New state-of-the-art public health facility to rise from the rubble with $291 million in FEMA funding

  • Ernice Gilbert
  • May 31, 2024

Demolition at the Charles Harwood Memorial Complex in Richmond, St. Croix commenced on Thursday, May 30th. By. V.I. DEPT. OF HEALTH

The V.I. Department of Health has commenced the demolition of the Charles Harwood Memorial Complex’s main campus as part of its efforts to construct a new state-of-the-art public health facility on St. Croix.

“We would like to thank you (the community) for the trust you have placed in us on constructing this critical infrastructure for the people of the Virgin Islands,” said Reuben Molloy, assistant commissioner at DOH, speaking from the demolition site. “Remember, our goal is to reduce health risks, improve access to equitable, quality health care services and enforce health standards.”

On Thursday, Lemartec USVI, the company contracted to carry out the demolition, began tearing down the eastern-most section of the large complex.

“It’s certainly an exciting day out here on the Charles Harwood Memorial Complex campus,” said Casey McIntyre, senior project manager for Lemartec USVI. “We completed the first phases of the project and now we’ll be going into the demolition of the main building. We will be commencing here with the most eastern wing.
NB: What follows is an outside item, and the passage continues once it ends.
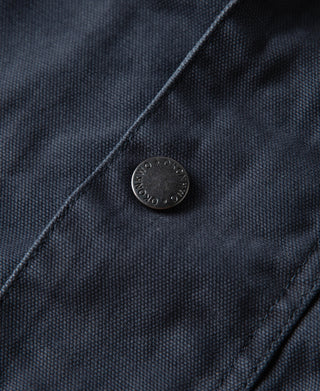 Ripstop Twill Field Jacket - Blue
In preparation for that, we have cleared the building of all contents – stripped the entire building, in preparation for the demolition activities.”

Blasting is not planned during the demolition, and mitigation measures have been implemented to include privacy and dust screens around the work areas, the use of a water dust suppression machine, and wind direction monitoring.

Lemartec USVI also developed a Storm Water Pollution Prevention Plan and will use best management practices such as silt fencing, storm drain sediment covers, and track-out prevention, and will monitor and prepare for inclement weather, DOH said.

“We’re certainly doing our due diligence in this process to ensure we have a safe site as we continue the demolition of the building,” McIntyre said.

The VI Department of Health said it has also taken steps to minimize disruption of any school activities, business operations, and traffic in the area.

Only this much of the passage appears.